### Work item
Produce a word-for-word copy of the listing below without its pictures.

### Dataset extract
····················
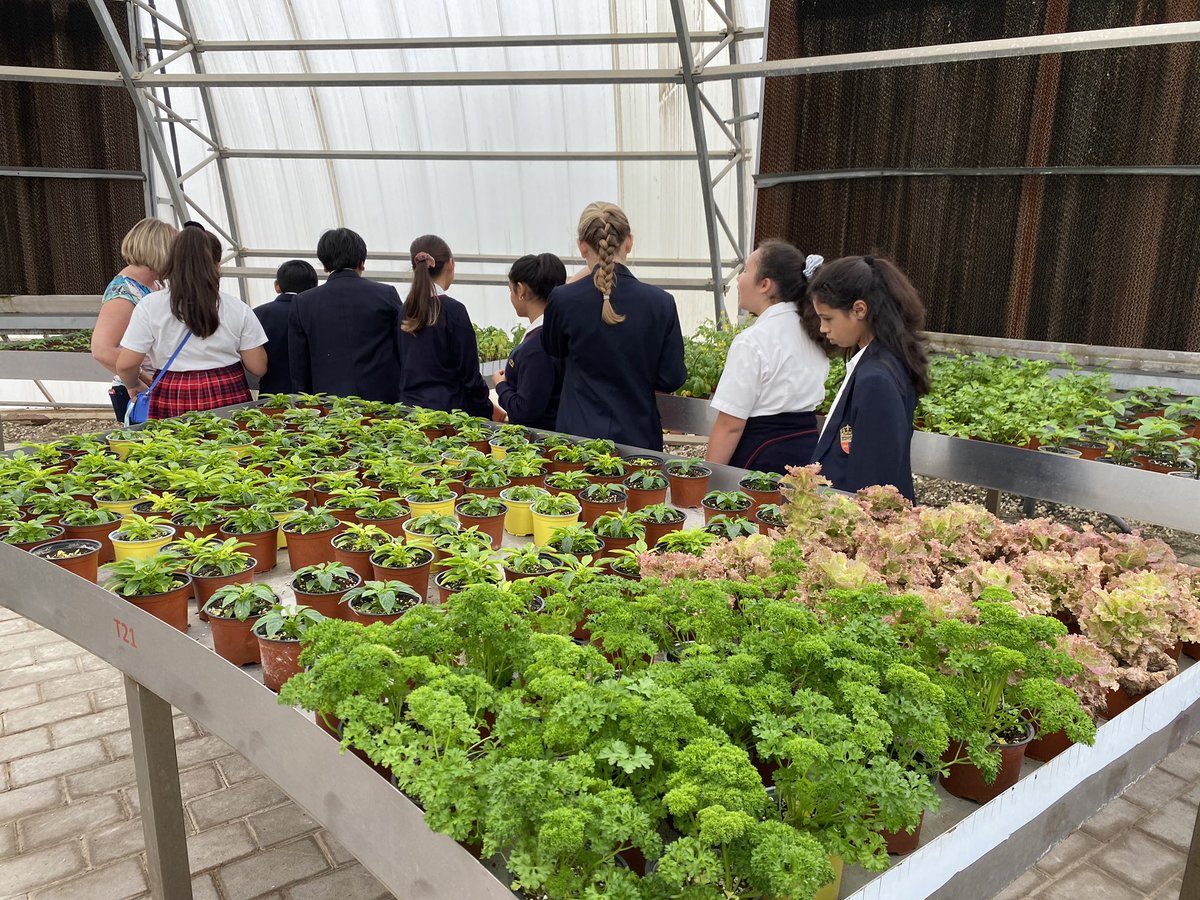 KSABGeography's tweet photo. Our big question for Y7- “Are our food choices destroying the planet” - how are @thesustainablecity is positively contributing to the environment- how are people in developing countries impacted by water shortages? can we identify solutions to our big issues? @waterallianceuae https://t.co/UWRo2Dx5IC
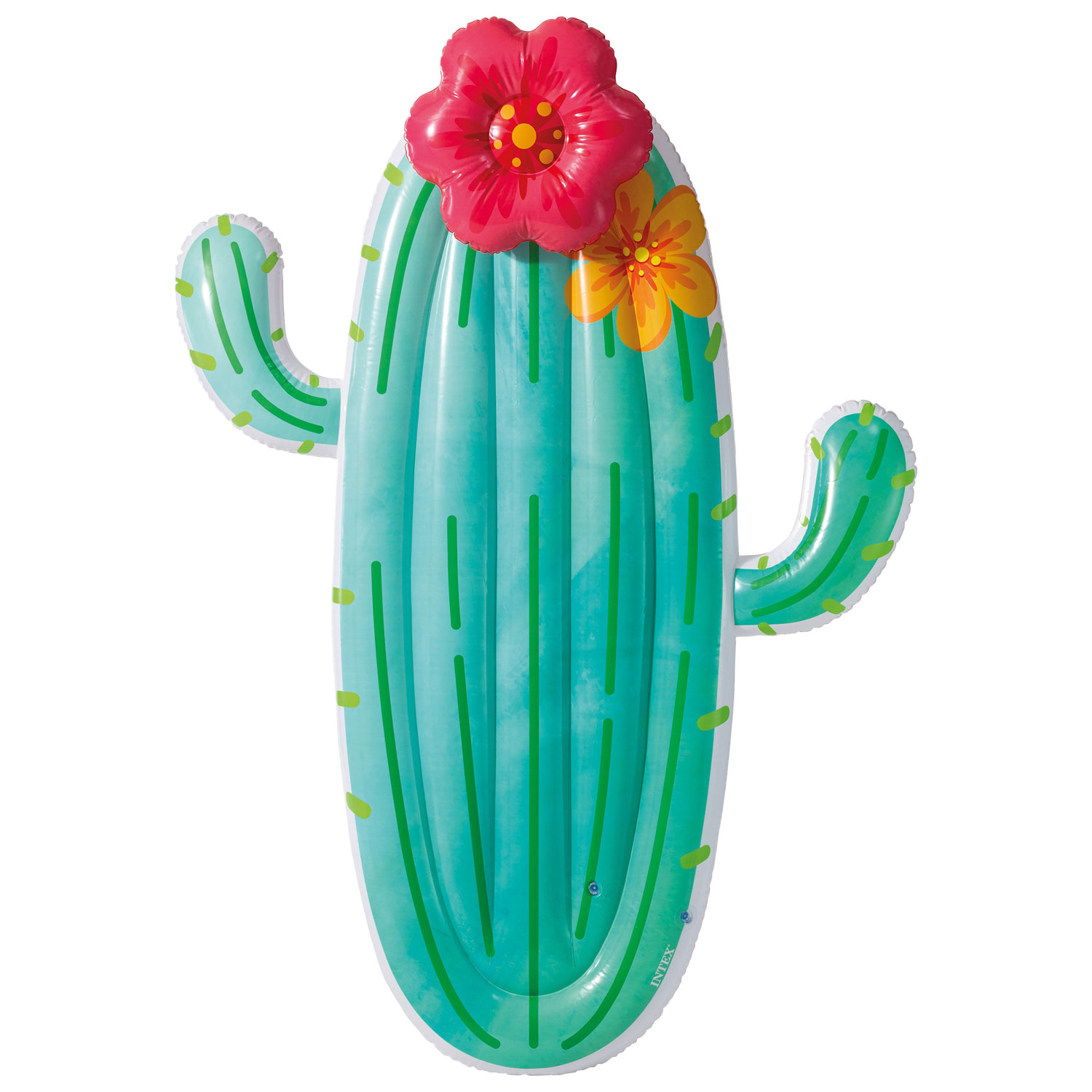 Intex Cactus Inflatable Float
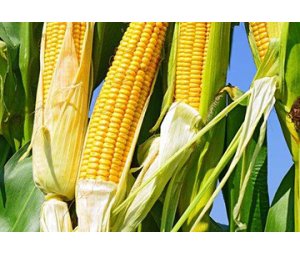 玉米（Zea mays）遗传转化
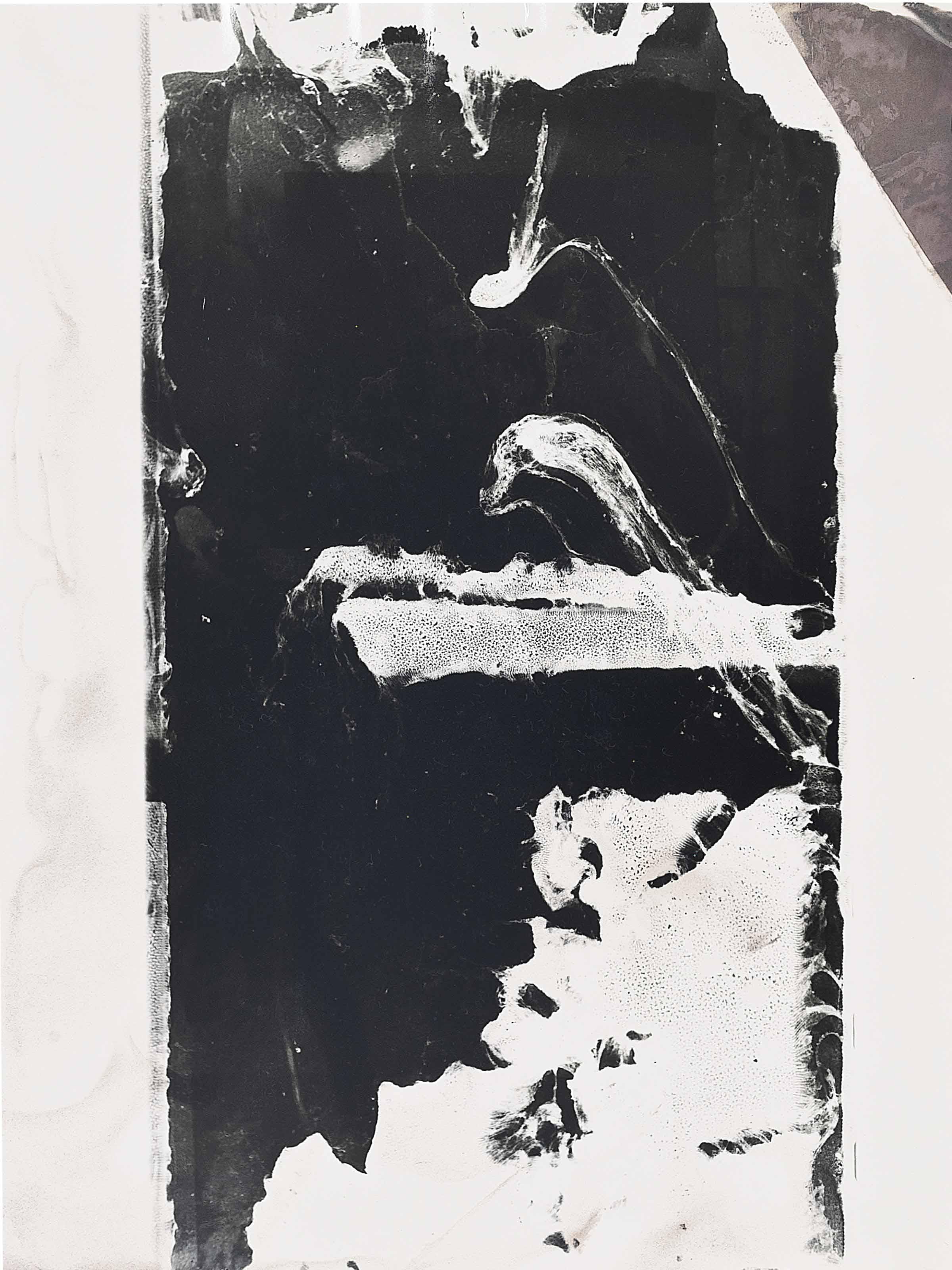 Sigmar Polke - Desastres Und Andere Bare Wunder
····················
### Solved problem
 KSABGeography's tweet photo. Our big question for Y7- “Are our food choices destroying the planet” - how are @thesustainablecity is positively contributing to the environment- how are people in developing countries impacted by water shortages? can we identify solutions to our big issues? @waterallianceuae https://t.co/UWRo2Dx5IC
 Intex Cactus Inflatable Float
 玉米（Zea mays）遗传转化
 Sigmar Polke - Desastres Und Andere Bare Wunder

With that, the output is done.